The first thing to realize is that one mole of NaBH4 provides 1 mole of hydride. Which means if you have 3.8 g of NaBH4, with a molecular weight of 37.83, tou have 0.1 moles of NaBH4 and 0.1 moles of Hydride. In order to reduce cyclohexanone you also need one mole of Hydride for ever mole of ketone. Thus if you multiply the 0.1 mole with the molar mass of cyclohexanone (98g/mole) you get 9.84g. Thus with 3,8g of NaBH4 you can reduce 9.84g cyclohexanone.

[macman104]

Sorry, Morderkerl, but I disagree.  One mole of NaBH4 has a total of 4 hydrides it can provide.  It may not work to 100% efficiency, but it can reduce 4 times.

[azmanam]

one mole of NaBH4 provides 1 mole of hydride

Nope.  this is the key to the problem.  1 mol of NaBH₄ provides four mols of hydride.  Soichiometry is 1:4.

http://www.cem.msu.edu/~reusch/VirtTxtJml/aldket1.htm#rx2a

[Morderkerl]

Sorry, Morderkerl, but I disagree.  One mole of NaBH4 has a total of 4 hydrides it can provide.  It may not work to 100% efficiency, but it can reduce 4 times.

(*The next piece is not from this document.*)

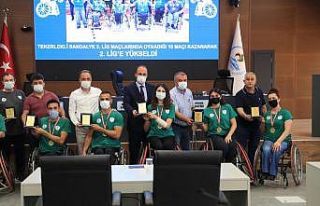 Başkan Örki’den şampiyonlara teşekkür plaketi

Yes it can provide 4 hydrides, but as soon as the first hydride leaves the extend of hydride production reduces. If this is then the case, to come back to the original question, you can reduce 0.4 moles of cyclohexanone, because each mole of NaBH4 can provide 4 moles of hydride, you need one mole of hydride to reduce one mole of ketone (the other hydrogen comes from water) and since there are 0.1 moles of NaBH4 you can reduce four times that.